Antes de meterme en la cama, me quedé, como suelo hacer, largo rato mirando a mi mujer, que dormía absorta en su ligera respiración. Aun dormida era ordenada, con las mantas hasta la barbilla y sus escasos cabellos reunidos en una pequeña trenza anudada a la nuca. Pensé: «No quiero hacerle daño. ¡Nunca!». Me dormí tranquilo. El día siguiente aclararía mi relación con Carla y encontraría el modo de tranquilizar a la pobre muchacha sobre su porvenir, sin por ello verme obligado a darle besos.

Tuve un sueño extraño: no sólo besaba el cuello de Carla, sino que, además, me lo comía. Ahora bien, era un cuello al que las heridas que yo le infligía con furiosa voluptuosidad no hacían sangrar, por lo que seguía cubierto por su blanca piel e inalterado en su forma levemente arqueada. Carla, abandonada entre mis brazos, no parecía sufrir de mis mordiscos. En cambio, quien sufría era Augusta, que había aparecido de improviso. Para tranquilizarla le decía: «No me lo comeré todo: dejaré un poco para ti».

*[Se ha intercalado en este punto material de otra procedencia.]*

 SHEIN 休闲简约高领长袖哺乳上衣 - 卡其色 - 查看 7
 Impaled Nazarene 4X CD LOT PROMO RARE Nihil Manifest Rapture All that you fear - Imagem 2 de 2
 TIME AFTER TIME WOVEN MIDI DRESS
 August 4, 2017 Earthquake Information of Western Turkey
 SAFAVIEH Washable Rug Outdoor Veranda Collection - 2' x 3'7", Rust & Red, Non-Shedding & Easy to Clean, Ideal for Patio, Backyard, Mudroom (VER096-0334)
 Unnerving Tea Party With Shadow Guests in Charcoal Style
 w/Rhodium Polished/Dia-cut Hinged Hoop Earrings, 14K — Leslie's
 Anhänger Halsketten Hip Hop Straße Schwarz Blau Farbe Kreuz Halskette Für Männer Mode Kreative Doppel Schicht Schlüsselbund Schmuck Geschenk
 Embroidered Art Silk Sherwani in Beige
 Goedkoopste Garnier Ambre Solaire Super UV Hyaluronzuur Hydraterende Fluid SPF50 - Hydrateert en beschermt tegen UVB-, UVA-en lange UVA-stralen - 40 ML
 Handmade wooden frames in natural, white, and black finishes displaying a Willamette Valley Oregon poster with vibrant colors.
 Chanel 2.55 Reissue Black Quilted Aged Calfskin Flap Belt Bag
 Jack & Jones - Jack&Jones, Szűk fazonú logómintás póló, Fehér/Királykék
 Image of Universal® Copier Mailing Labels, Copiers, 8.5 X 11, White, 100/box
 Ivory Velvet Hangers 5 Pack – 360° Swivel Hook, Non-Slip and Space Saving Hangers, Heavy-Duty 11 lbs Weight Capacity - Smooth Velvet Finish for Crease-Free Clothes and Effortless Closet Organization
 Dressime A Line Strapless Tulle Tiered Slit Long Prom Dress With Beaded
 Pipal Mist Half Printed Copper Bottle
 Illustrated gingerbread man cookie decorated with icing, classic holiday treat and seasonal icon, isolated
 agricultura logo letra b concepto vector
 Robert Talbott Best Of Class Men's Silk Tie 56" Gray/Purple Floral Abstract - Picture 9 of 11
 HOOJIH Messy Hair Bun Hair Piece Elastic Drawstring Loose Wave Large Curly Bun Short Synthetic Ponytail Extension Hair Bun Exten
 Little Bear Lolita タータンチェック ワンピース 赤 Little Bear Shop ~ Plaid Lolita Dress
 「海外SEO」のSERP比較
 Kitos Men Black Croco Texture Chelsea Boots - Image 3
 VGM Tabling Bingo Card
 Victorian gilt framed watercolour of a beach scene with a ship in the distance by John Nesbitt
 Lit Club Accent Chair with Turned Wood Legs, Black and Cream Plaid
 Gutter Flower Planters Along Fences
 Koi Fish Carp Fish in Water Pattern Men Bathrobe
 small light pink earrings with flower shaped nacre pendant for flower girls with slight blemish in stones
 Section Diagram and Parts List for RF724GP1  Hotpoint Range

El sueño tuvo el aspecto de una pesadilla sólo cuando a medianoche me desperté y mi cabeza, despejada, pudo recordarlo, pero antes no, porque mientras duró ni siquiera la presencia de Augusta me había privado de la sensación de satisfacción que me procuraba.

En cuanto me desperté, tuve plena conciencia de la fuerza de mi deseo y del peligro que representaba para Augusta y también para mí. Tal vez en el regazo de la mujer que dormía a mi lado se iniciara ya otra vida de la que yo sería responsable. ¿Quién sabía lo que pretendería Carla, cuando fuera mi amante? A mí me parecía deseosa del goce que hasta entonces le había estado vedado: ¿y cómo habría podido yo mantener a dos familias? Augusta pedía el lavadero, tan útil; la otra pediría cualquier otra cosa, pero no menos costosa. Volvía a ver a Carla saludándome desde el rellano y riendo tras haber sido besada. Ya sabía que yo iba a ser su presa. Me sentí espantado y allí, solo y en la oscuridad, no pude contener un gemido.

Mi mujer, que se despertó al instante, me preguntó qué me ocurría y yo respondí con una breve frase, la primera que se me ocurrió, cuando conseguí reponerme del espanto de verme interrogado en un momento en que me parecía haber gritado una confesión:

—¡Pienso en la vejez inminente!

Ella se rió e intentó consolarme, sin por ello salir del sueño a que se aferraba. Pronunció la misma frase que siempre me decía, cuando me veía espantado ante el paso del tiempo:

—No pienses en eso ahora que somos jóvenes… ¡el sueño es tan bueno!

Su exhortación surtió efecto: no pensé más y volví a quedarme dormido. La palabra en la noche es como un rayo de luz. Ilumina un retazo de realidad ante el cual se desdibujan las construcciones de la fantasía. ¿Por qué había de temer yo tanto a la pobre Carla, de la que aún no era amante? Era evidente que había hecho todo lo posible para espantarme ante mi situación. En fin, el niño que había evocado en el regazo de Augusta no había dado hasta entonces otra señal de vida que la construcción del lavadero.